Communications technology has also undergone a significant revolution. Star networks have given way to alternative topologies which better support multiple processors. Since the late 1980s, the trend in local area networks has been towards 'client-server' architectures. By this is meant that workstations are the clients which are to be served by background machines which offered shared data storage and processing resources: the old order of master-and-slave has been inverted.
Meanwhile, in wide area networks, star topology has proven to be too lacking in resilience: since all processing is dependent on a single node, any failure in that node undermines the entire network. Alternative, more robust topologies are preferred, with various combinations of closely-coupled and loosely-coupled processors, and peer-to-peer communications among computers, rather than master-slave relationships.
In the mid-1990s, these are all established technologies. Current developments are in full connectivity among the world's myriad machines; connectionless linkages between clients and servers and directly between clients; the capture, storage, manipulation and output of many different types of media; and the integration of these varied I/O technologies into virtual reality applications.
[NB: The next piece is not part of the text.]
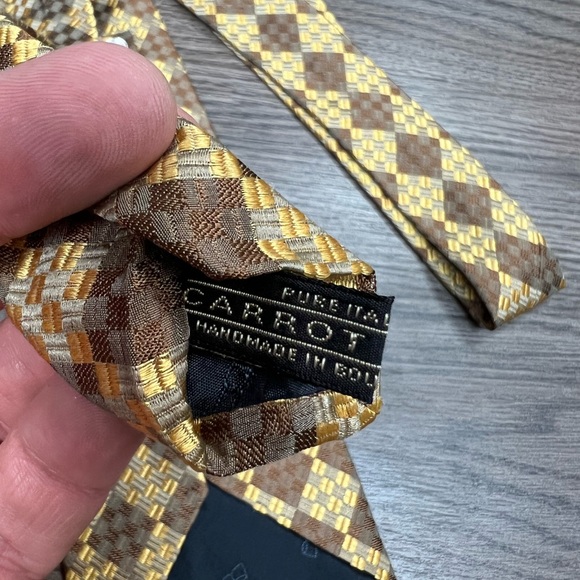Carrot & Gibbs Gold & Brown Checkerboard Silk Tie - Picture 6 of 6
The implications of contemporary information technology for data surveillance are profound. Storage is being dispersed. Within corporations, some success is being achieved in attempts to sustain the sense of centralisation, in the form of a 'logical' or 'virtual' corporate database. It is proving much more difficult to develop open, multi-corporate logical databases, i.e. to virtually integrate the data collections of multiple organisations.
In the third era of dataveillance, the dominant mode of operation would appear to be cooperation among peers, rather than master-slave relationships (or markets rather than hierarchies, to use a piece of academic jargon). The centralist, authoritarian tendencies which appeared to be inherent in computers is giving way to dispersed power. In the new context, there may be more danger of anarchy and ungovernability than of repression by a powerful State.
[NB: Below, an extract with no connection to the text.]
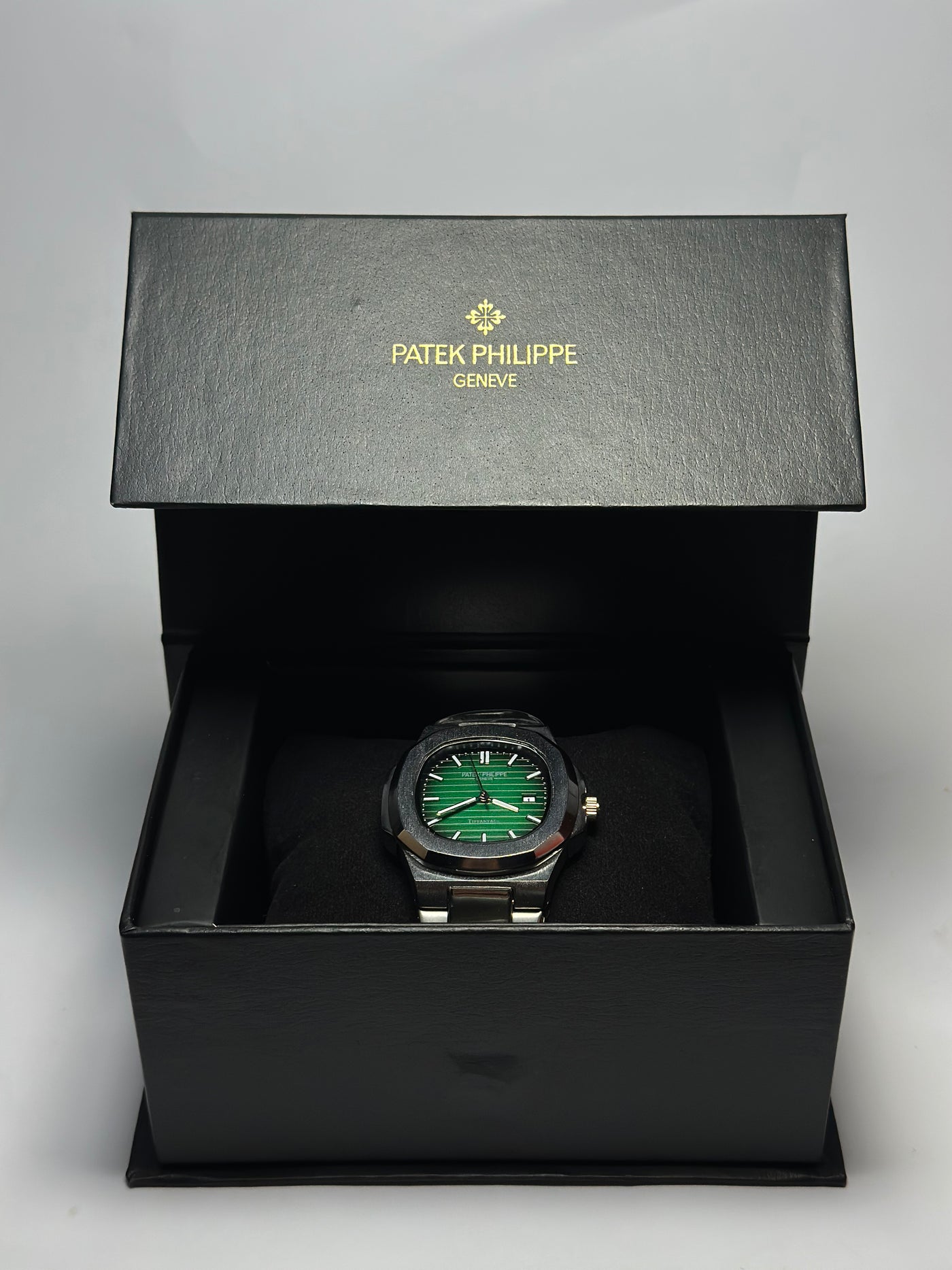 Patek Philippe Nautilus Green Dial Watch - Silver Strap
That leaves the question as to how to typify the present, second era of dataveillance, roughly 1980-2000. I depict it as the uneasy interim era of unjustified centralisation. Corporations and governments are clinging to the old, trusted and altogether simpler centralist notions. ("After all, there are few who are competent and who should be entrusted with important responsibilities, and they are us").
This creates tensions. People who are envisioning the future are inevitably impatient with those who cling to past patterns; and conservatives by definition do not want to lose the stability which has served (at least them) in the past.
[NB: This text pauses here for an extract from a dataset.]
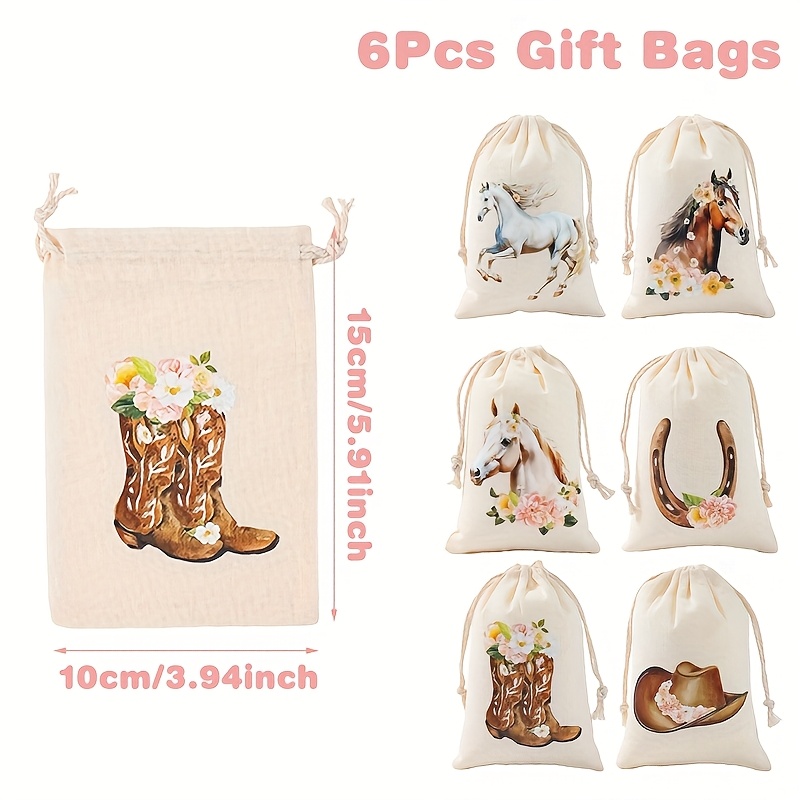 E-shop 6 Stück, Western-Cowboy-Thema Geschenkbeutel mit Zugband, 10*15 cm, Pferde-Blumen-Stiefel-Muster Geschenktüten, Happy Birthday Party-Deko, Baby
The coming years will see a struggle between the social and organisational factors on the one hand, and the possibilities created by contemporary information technology on the other. If the assertion of a technological imperative is right, the practice of data surveillance in the future of dispersed and relatively autonomous peers will present considerable challenges. It remains to be seen whether powerful social and political forces will be capable of overcoming these technologically induced tendencies, and sustaining the power relationships of the past.